PLoS ONE (Jan 2019)

Channel-spatial attention network for fewshot classification.

  • Yan Zhang,
  • Min Fang,
  • Nian Wang

DOI
https://doi.org/10.1371/journal.pone.0225426
Journal volume & issue
Vol. 14, no. 12
p. e0225426

Abstract

Read online

Learning a powerful representation for a class with few labeled samples is a challenging problem. Although some state-of-the-art few-shot learning algorithms perform well based on meta-learning, they only focus on novel network architecture and fail to take advantage of the knowledge of every classification task. In this paper, to accomplish this goal, it proposes to combine the channel attention and spatial attention module (C-SAM), the C-SAM can mine deeply more effective information using samples of different classes that exist in different tasks. The residual network is used to alleviate the loss of the underlying semantic information when the network is deeper.
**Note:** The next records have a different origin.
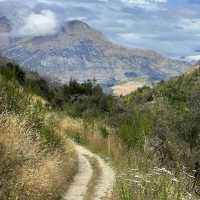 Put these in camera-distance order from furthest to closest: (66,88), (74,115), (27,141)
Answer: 1. (66,88)
2. (74,115)
3. (27,141)

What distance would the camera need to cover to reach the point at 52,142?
22000mm

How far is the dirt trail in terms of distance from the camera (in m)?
18.6

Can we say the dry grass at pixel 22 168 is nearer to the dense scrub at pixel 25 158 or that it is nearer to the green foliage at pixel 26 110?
the dense scrub at pixel 25 158

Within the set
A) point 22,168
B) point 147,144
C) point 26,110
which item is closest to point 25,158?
point 22,168

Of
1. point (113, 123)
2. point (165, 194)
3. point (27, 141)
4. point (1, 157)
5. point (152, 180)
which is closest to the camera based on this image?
point (165, 194)

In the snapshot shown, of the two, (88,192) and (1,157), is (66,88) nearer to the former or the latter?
(88,192)

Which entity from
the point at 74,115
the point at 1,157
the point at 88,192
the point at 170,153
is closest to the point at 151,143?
the point at 170,153

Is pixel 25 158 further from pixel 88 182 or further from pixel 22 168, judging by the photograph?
pixel 88 182

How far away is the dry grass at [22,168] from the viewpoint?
45.5 ft

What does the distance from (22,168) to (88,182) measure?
7.26m

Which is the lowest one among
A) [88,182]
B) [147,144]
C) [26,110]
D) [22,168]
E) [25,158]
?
[88,182]

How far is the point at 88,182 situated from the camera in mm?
21781

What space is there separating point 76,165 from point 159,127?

Finally, a relation network including a C-SAM is applied to act as a classifier, which avoids learning more redundant information and compares the relation between difference samples. The experiment was carried out using the proposed method on six datasets, such as miniimagenet, Omniglot, Caltech-UCSD Birds, describable textures dataset, Stanford Dogs and Stanford Cars. The experimental results show that the C-SAM outperforms many state-of-the-art few-shot classification methods.